En guise de main courante, nous leur avons exposé, Christine Ferrier, responsable des relations extérieures à la Comédie, et moi-même, une histoire succinte de l’institution, découpée en six épisodes.

Huit lauréats

Nadia Raviscioni a fixé ensuite le cap, avec le doigté, la clarté et le talent qui la caractérisent. Chaque étudiant s’est emparé de trois épisodes, autant de scénarios et de strips en puissance. La documentation était légère: un synopsis et des images choisies par nos soins.

Leur confinement fut dès lors studieux. Fin mai, nous découvrions leurs travaux. Nous avons choisi huit lauréats. Ce sont leurs oeuvres, leurs partis pris toujours surprenants, drôles parfois, qui vous accompagneront tout au long de l’été, histoire de saluer, avec la malice de Sganarelle, une maison peuplée de merveilleux personnages.
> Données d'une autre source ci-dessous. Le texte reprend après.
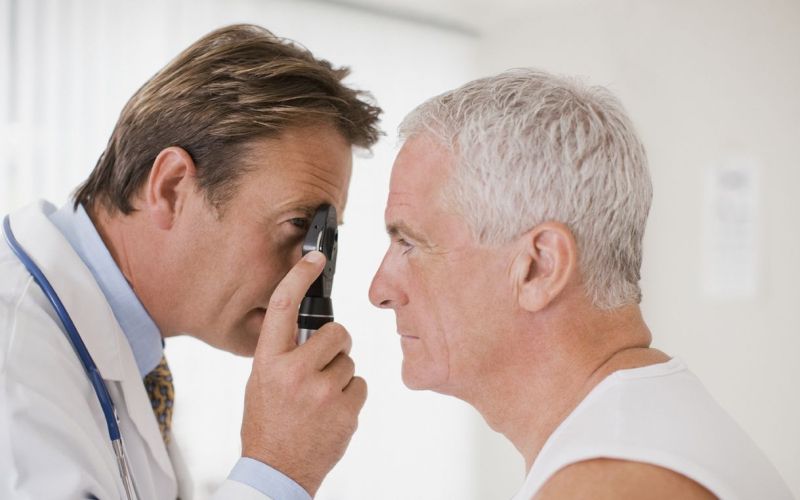 Okulist, očesni pregled, oko.jpg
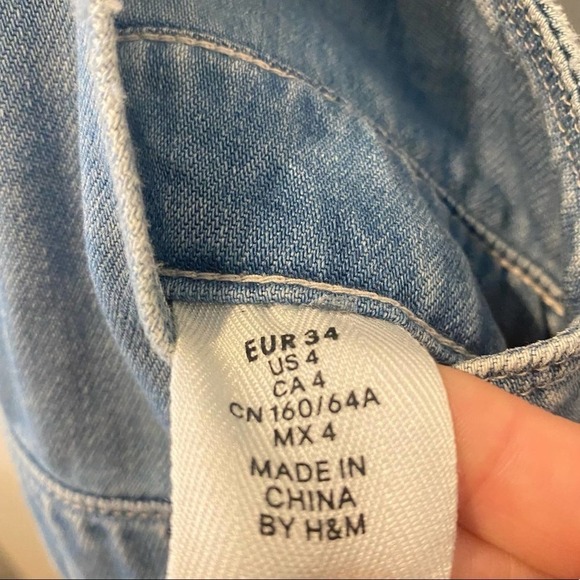 H&M Denim Overall Button Pinafore Dress in Light Wash Size 34/US 4 XS - Picture 13 of 14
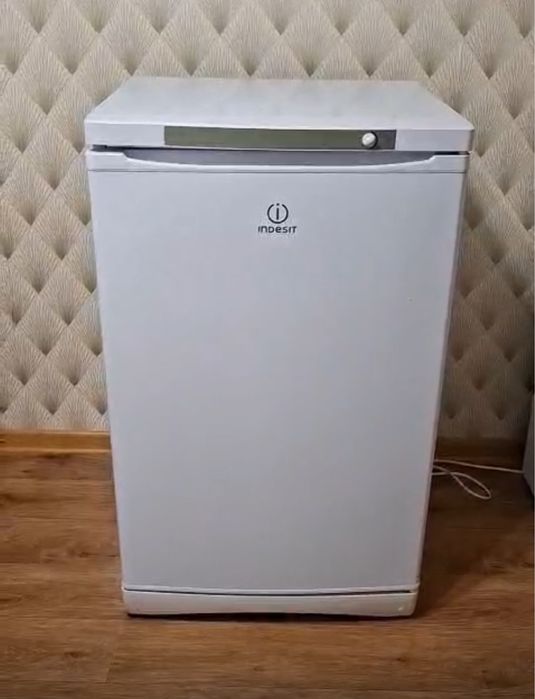 Морозильник indesit
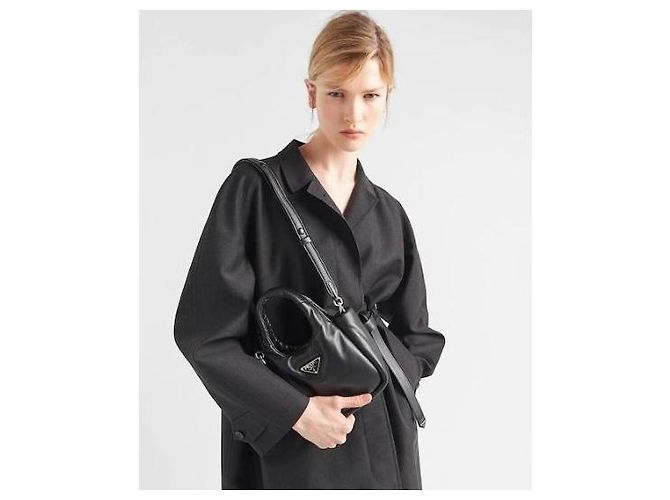 Prada Kleine Tasche aus weichem gestepptem Nappaleder - Ansicht 11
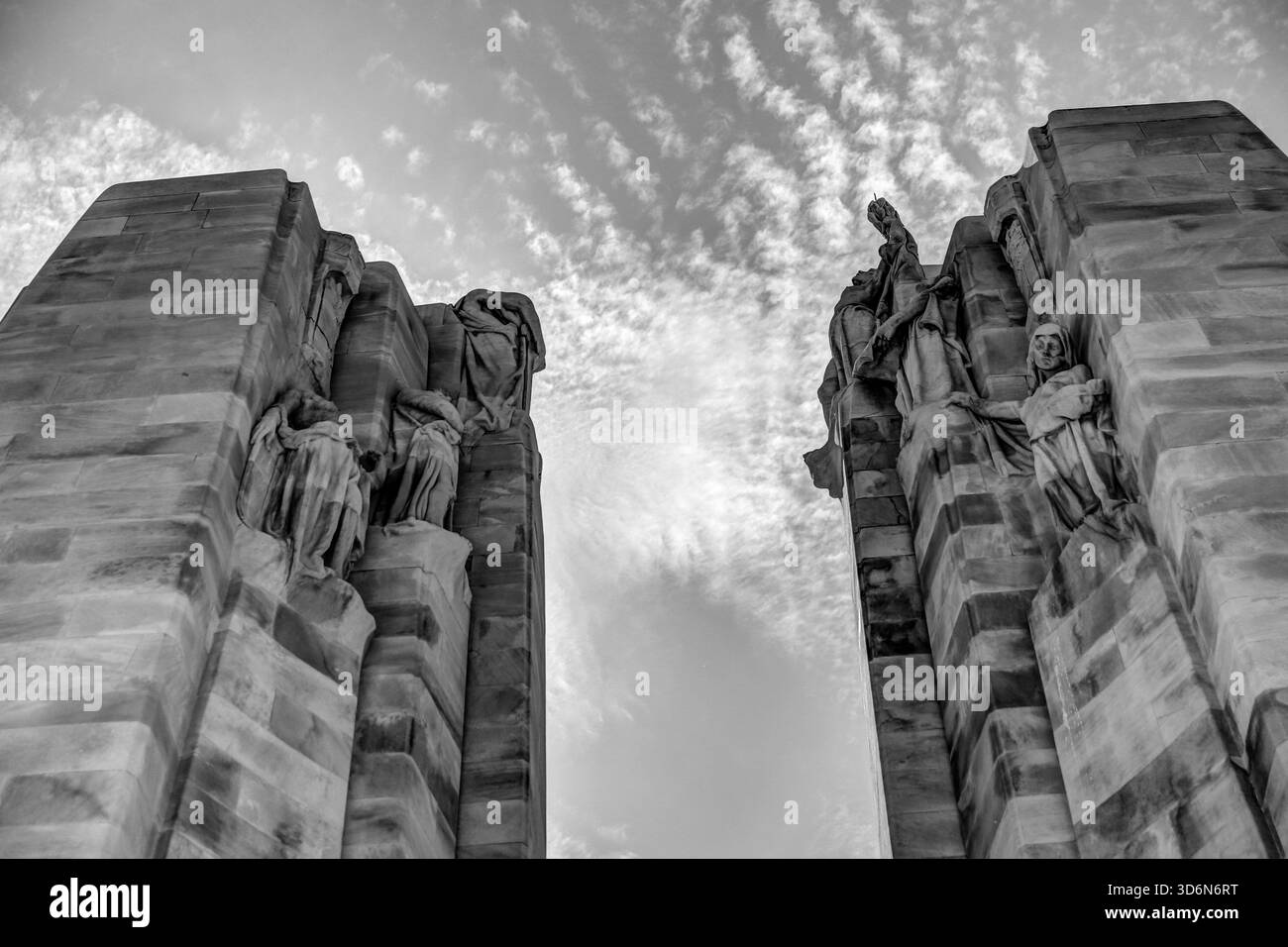Monument commémoratif national du Canada de la crête de Vimy dans le nord de la France, commémorant les soldats canadiens de la première Guerre mondiale avec des pylônes jumeaux et une batte environnante Banque D'Images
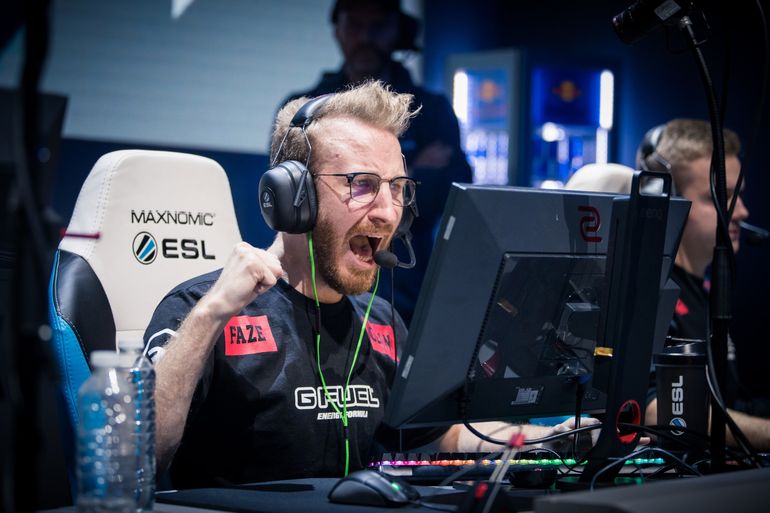 Olof "olofmeister" Kajbjer - zawodnik FaZe Clan.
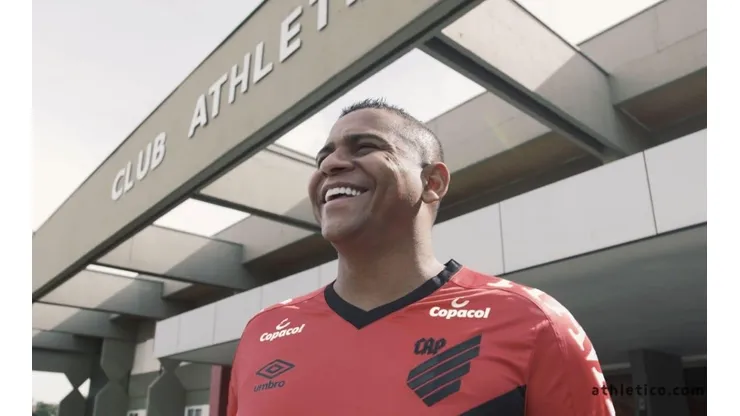 Walter chega ao Athletico e afirma "gana de dar a volta por cima"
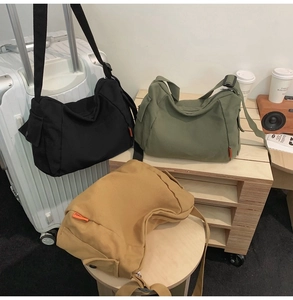 Vue détaillée des sacs bandoulière en toile en noir, vert armée et jaune gingembre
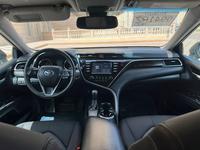 Toyota Camry 2018 года за 8 700 000 тг. в Актау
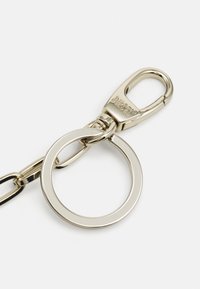 Metallnyckelring med en cirkulär ring och en kräftkrok, båda i polerad silverton med en slät yta och minimal detaljering.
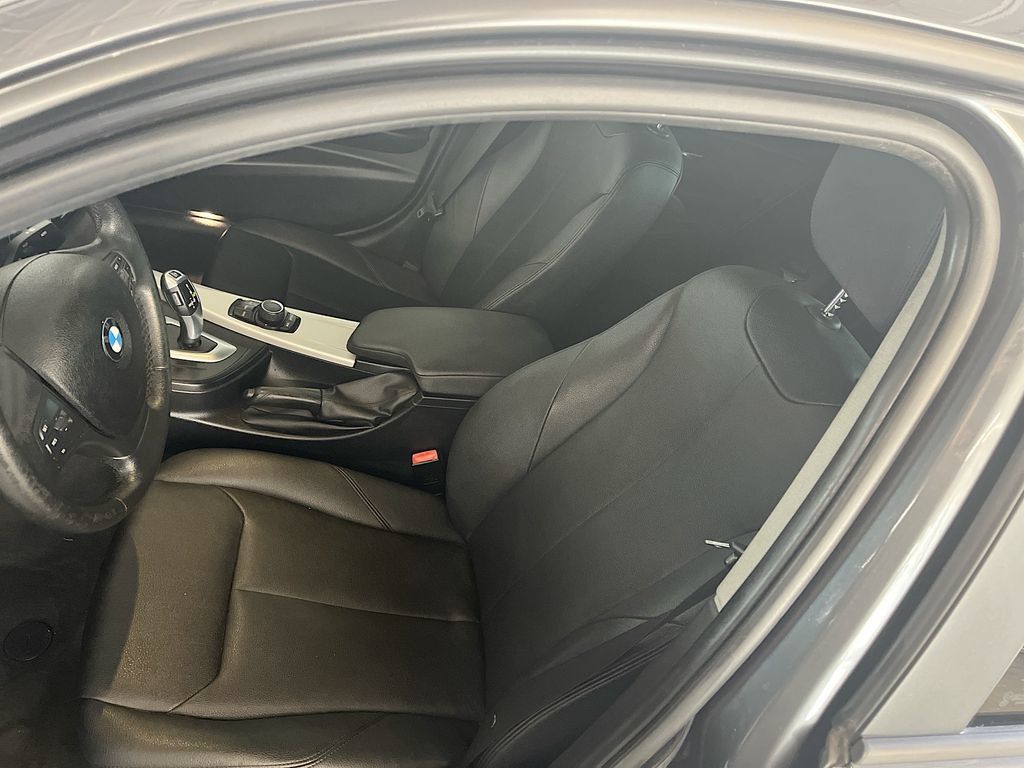 Used 2018 BMW 320i Sedan w/ Convenience Package RWD image 18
Car ce feu d’artifice graphique est un au revoir à un bâtiment promis à un autre destin, quand les équipes actuelles auront définitivement migré aux Eaux-Vives. La Genevoise Léonie Courbat lance le feuilleton. On admire l’assurance de son trait, son plaisir théâtral de ménager la chute. Elle ressuscite, en rouge et noir, la soirée d’inauguration de la Comédie. Ernest Fournier est le héros de la pièce. Où qu’il soit, il applaudit la performance.